Example – Parallel Hello World
#include <omp.h>
int main() {
int nthreads, tid;
#pragma omp parallel private(tid)
{
tid = omp_get_thread_num();
printf("Hello world from thread %d\n", tid);
if (tid == 0) {
nthreads = omp_get_num_threads();
printf("Number of threads = %d\n", nthreads);
}
}
}
Key runtime calls:
omp_get_thread_num()→ returns current thread IDomp_get_num_threads()→ returns team size
Controlling the Number of Threads
Three equivalent mechanisms:
-
Environment variable:
export OMP_NUM_THREADS=8 -
Library call inside program:
omp_set_num_threads(8); -
Clause on directive:
#pragma omp parallel num_threads(8)
Default = number of physical cores.
Parallel Regions vs Work-Sharing
| Directive | Effect | Example Output |
|---|---|---|
#pragma omp parallel |
All threads execute the entire block. Work is replicated. | P × N messages |
#pragma omp parallel for |
Threads divide loop iterations among themselves. Work is shared. | N messages total |
#pragma omp parallel for
for (int i=0; i<10; i++)
printf("Hello world %d\n", i);
Each iteration is independent ⇒ safe for concurrent execution.

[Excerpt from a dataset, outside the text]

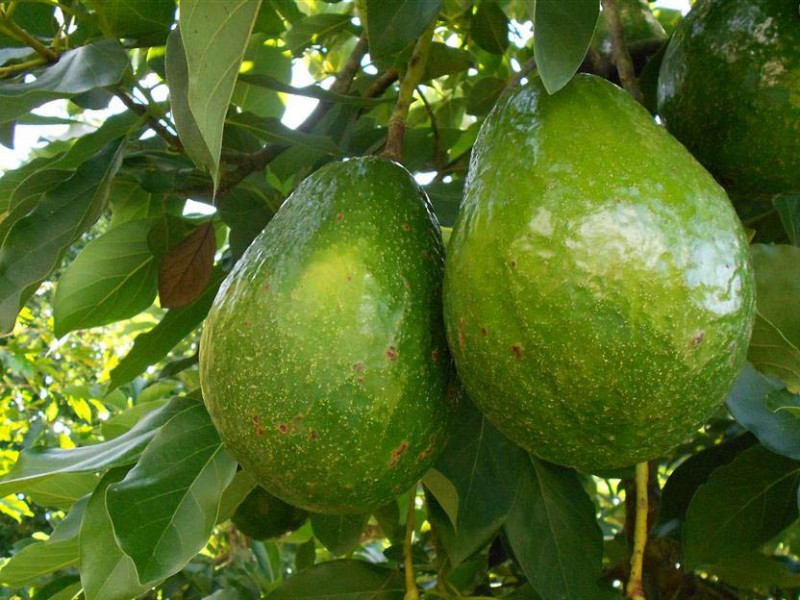 Crece producción de aguacate en la entidad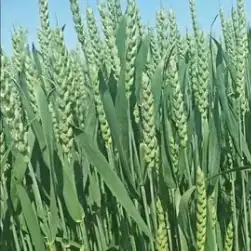 Озимая пшеница сорт «Амелия»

With for/do, loop index i is private by default.
Conditional Compilation
To compile OpenMP-specific code only when enabled:
#ifdef _OPENMP
printf("Compiled with OpenMP\n");
#endif
Summary
| Topic | Key Idea |
|---|---|
| Motivation | Serial CPU performance has plateaued — need thread-level parallelism. |
| Model | Fork–Join, shared-memory threads. |
| API Components | Compiler directives, runtime library, environment variables. |
| Work-sharing | parallel for/do splits independent iterations across threads. |
| Thread control | OMP_NUM_THREADS, omp_set_num_threads(), num_threads() clause. |
| Compilation safety | #ifdef _OPENMP guards. |
Takeaway for PX457 Assignments
When benchmarking, you should:
- Compile with
fopenmp(GCC/Clang) or/openmp(MSVC). - Verify scaling by timing loops with different
OMP_NUM_THREADS. - Check for data dependencies — OpenMP will not protect you from race conditions.
- Use
private,shared,reduction, andscheduleclauses properly when analysing loop performance.